Hoy me miré en el espejo y vi una sonrisa, profunda y radiante... contagiosa y llena de alegría. Me atrapó y me hizo sentir bien, pero luego levanté la mirada y vi el reflejo de un par de almendras vidriosas cubiertas por una capa de agua salada que quería salir, pero que estaba atrapada por un muro invisible que no dejaba caer ni una gota.
Cuando me detuve en ese detalle me pregunté: ¿Estoy siendo honesto conmigo? ¿Por qué tengo esta sonrisa si de verdad siento todo lo opuesto a ella?
Cada día es más duro verme al espejo, me cuesta porque nunca me gusta lo que veo. Es esa mirada que me delata, esa mirada tan poderosa que con un sólo parpadeo logra destruir la alegría de mi sonrisa.
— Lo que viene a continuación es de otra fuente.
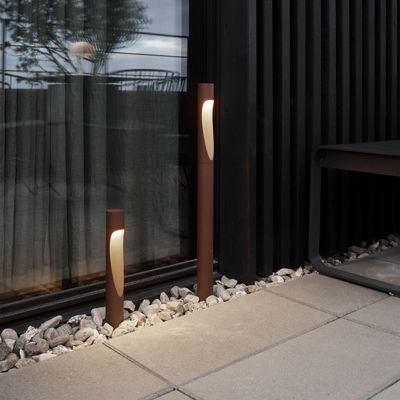 Shown in Corten finish, in use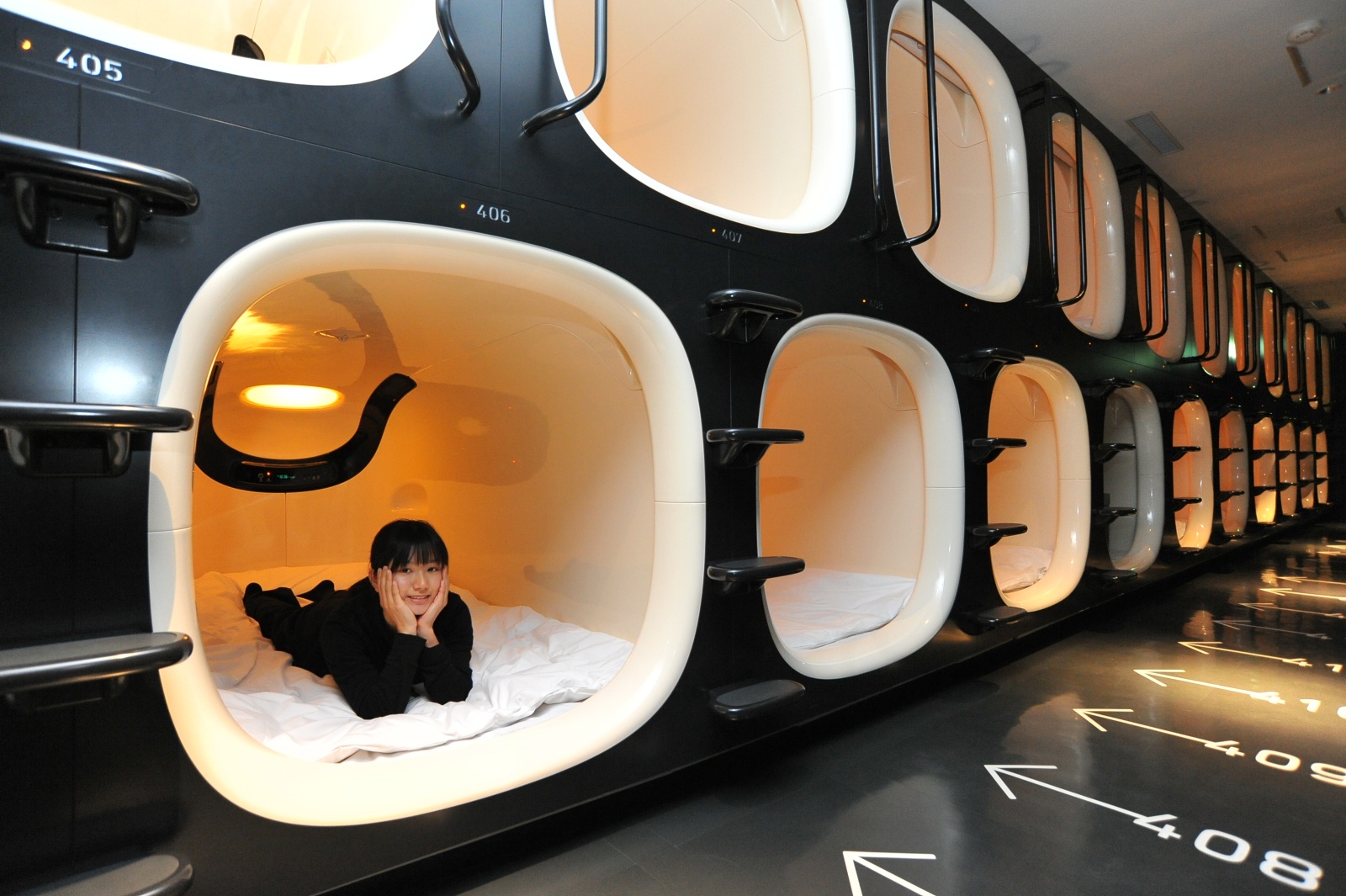 9hourscapsulehotel07_1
Veo la soledad y me empiezo a angustiar. Veo fealdad, deformidad y obesidad; y me empiezo a deprimir.
Luego analizo fríamente lo que veo y todo tiene sentido, empiezo a comprender el por qué de esta soledad eterna. Entiendo también cómo nacen esas miradas de desprecio. Encuentro por fin una explicación al asco que reflejan esos ojos con los que me cruzo y las risas que los acompañan muchas veces. Todo tiene respuesta cuando tengo que enfrentarme a ese reflejo que también se ríe y, de paso, me humilla diariamente.
Después de que ese hombre alto de pelo ruliento y con una barba de días se ríe de mi. Después de que la angustia, rabia, asco y pena se calman. Recién después de eso, puedo secar a la pareja de almendras brillantes para que dejen la honestidad a un lado y se dejen engatusar por la sonrisa que me manipula a diario.